資源枯渇危機、地球環境問題深刻化の世界的情勢から「省資源・省エネルギー」は今世紀の重要な課題となっており、どの分野・部門においても最大の課題となっていると考えてよいだろう。私の専門としている建築環境設備分野においても、例外ではなく、省エネルギー対策がつよく求められている。これとは裏腹に建物の温熱環境の観点からいう「快適性の確保・向上」を実現するには増エネルギーとなる場合があり、快適性の損なわれる事態が懸念される。

そこで、私は建築分野での省エネルギーの追及は快適性確保・向上と両立して進められるべき課題であると考え、「省エネルギー」と「快適性確保・向上」を二つの大きな軸とした研究構想を持って取り組んでいる。

省エネルギーを実現するための課題を具体化すると、デマンド(負荷)そのものの低減、無駄なエネルギー使用を省き、より効率よくエネルギーを使用すること、自然・未利用エネルギーの利用することが挙げられる。また、これらの課題を実現していくなかで、温熱的快適性を維持・向上させることがもうひとつの課題である。ここに挙げる具体化した研究課題に対して研究を行ってきた業績を紹介する。

1.建築物の熱負荷低減

  • 地下鉄換気・冷房システムの省エネルギー化に関する研究, 2003.4~2008.3

地下鉄駅舎は列車発熱の排熱、構内粉塵対策のために、多くのケースでは全外気方式を採用している。しかし、外気導入量を見直すことで省エネルギーが図れることに着目して研究を行っている。名古屋市営地下鉄駅舎(国際センター駅)の実態調査を行ったほか、研究成果の一部は大阪市中ノ島新設地下鉄駅舎の設計資料となっている。気流解析(CFD)、計測データ分析が主な研究手段である。

  • ダブルスキンの熱的性能に関する研究, 2005.4~2009.3

ダブルスキンは窓からの日射熱取得負荷を軽減できるパッシブな省エネルギー手法であり、それの熱的性能予測手法に関して研究している。この研究の成果は、ダブルスキン設計資料の提供が期待できる。また、研究成果の一部は、東京都M大学校舎の実施設計資料となった。ダブルスキンの実測調査、数値解析、気流解析が主な研究手段である。


2.エネルギー利用効率向上

  • ライフサイクルエネルギーマネージメント(LCEM)の研究, 2006.4~現在

現在LCEMツール開発委員会で活動中である。建築設備のエネルギー管理を建物のライフサイクルで考えるためのツール開発に励んでおり、研究として成果を出している。

  • マルチエアコンの性能評価に関する研究, 2004.4~2005.3

高効率機器の運転性能把握、検証を行うものであり、機器の定格出力や運転効率はもちろん、部分負荷時の性能変動、外界気象条件等による影響を検証する。

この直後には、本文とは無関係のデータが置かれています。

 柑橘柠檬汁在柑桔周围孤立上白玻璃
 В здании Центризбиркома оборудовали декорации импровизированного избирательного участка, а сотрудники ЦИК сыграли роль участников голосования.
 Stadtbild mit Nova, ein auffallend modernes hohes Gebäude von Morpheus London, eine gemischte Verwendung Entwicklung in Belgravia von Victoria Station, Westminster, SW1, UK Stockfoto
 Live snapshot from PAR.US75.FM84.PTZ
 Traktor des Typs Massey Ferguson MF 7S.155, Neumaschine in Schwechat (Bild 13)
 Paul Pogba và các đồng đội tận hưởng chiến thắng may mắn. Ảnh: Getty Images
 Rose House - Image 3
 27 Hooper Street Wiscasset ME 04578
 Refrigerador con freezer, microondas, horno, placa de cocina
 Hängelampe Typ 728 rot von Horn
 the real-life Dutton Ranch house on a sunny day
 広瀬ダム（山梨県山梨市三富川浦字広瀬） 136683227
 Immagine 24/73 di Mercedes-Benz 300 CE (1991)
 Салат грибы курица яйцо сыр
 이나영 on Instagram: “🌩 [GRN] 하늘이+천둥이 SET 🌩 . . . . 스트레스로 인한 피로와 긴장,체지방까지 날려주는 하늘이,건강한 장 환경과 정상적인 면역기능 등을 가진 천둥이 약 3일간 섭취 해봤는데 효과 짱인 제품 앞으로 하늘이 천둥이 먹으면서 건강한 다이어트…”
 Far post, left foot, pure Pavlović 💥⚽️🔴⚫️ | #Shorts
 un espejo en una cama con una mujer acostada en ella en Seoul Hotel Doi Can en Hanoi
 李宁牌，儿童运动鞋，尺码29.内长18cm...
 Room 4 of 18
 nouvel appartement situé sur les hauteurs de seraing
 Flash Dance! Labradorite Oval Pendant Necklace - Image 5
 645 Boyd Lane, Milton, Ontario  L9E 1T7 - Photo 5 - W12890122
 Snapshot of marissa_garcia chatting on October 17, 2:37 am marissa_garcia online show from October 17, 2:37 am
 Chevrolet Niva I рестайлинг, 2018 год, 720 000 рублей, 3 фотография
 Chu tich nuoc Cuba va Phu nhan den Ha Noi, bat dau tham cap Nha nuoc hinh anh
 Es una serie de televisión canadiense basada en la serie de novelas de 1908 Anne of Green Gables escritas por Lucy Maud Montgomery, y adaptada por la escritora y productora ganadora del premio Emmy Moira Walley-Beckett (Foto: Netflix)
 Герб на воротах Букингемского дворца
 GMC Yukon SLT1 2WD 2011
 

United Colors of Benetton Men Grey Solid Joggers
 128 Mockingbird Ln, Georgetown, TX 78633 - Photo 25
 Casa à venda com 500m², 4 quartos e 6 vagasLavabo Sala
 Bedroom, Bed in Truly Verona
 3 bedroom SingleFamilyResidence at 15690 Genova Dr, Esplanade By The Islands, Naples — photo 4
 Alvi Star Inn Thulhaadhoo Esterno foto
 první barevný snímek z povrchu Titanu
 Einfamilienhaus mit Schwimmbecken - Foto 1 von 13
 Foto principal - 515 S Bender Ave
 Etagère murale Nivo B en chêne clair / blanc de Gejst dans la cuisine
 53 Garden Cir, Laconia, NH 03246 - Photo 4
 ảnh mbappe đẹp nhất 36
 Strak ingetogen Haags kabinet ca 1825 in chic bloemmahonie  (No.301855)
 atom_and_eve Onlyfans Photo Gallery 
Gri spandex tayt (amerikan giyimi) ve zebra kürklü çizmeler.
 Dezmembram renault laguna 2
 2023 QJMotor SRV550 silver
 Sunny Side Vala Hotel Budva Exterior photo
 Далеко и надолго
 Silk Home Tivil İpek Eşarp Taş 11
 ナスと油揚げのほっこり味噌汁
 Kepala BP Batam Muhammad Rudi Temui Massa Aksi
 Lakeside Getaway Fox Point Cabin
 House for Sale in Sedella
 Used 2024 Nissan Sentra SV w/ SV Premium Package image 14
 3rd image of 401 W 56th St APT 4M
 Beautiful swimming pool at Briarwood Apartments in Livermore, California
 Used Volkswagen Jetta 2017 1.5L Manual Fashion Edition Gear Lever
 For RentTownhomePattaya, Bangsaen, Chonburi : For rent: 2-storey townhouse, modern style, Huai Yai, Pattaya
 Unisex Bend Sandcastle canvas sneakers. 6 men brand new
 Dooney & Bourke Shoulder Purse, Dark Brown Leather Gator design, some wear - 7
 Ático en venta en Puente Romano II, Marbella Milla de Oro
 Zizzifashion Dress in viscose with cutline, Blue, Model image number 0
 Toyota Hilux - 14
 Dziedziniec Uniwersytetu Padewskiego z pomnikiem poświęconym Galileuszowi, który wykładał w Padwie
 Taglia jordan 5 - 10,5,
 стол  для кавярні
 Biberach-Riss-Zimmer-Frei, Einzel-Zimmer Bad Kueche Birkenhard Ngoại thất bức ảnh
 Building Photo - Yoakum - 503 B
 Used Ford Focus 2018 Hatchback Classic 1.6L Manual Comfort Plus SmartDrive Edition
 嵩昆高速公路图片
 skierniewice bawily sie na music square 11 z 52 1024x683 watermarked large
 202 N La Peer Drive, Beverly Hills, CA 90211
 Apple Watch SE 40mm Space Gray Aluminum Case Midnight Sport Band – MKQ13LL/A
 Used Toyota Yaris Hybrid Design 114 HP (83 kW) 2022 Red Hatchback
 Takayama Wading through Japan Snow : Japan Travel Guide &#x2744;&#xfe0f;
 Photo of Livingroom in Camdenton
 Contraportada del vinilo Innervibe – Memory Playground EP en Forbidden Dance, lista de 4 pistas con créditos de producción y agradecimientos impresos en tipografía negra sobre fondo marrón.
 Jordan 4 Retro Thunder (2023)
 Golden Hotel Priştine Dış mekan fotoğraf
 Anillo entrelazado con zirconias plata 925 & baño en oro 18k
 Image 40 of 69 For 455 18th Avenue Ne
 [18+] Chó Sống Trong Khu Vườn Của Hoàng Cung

  • CFDを連成した空調システムシミュレーションに関する研究, 2009.4~現在

空調分野での省エネルギー化が求められる中、空調対象空間の局所化や温度差確保はより効果的な省エネルギー化手法といえる。そこで、従来の完全混合モデルではなくCFDより室内温度分布を詳細に再現することは、省エネルギー化手法のコンセプトを実現するために必要不可欠となる。また、近年のライフサイクルアセスメントの要求に伴い、空調システムシミュレーションの活用ニーズは多くなっている。これを背景にCFDと連成する空調システムシミュレーションを推進している。

  • エネルギーの面的融通に関する研究, 2009.4~2010.3

エネルギー使用効率向上のための有効な対策としてIPCCではエネルギーの面積利用を挙げている。隣接する建物の熱源を適宜連結することで、熱源機器の負荷率を上げ効率向上を目指す。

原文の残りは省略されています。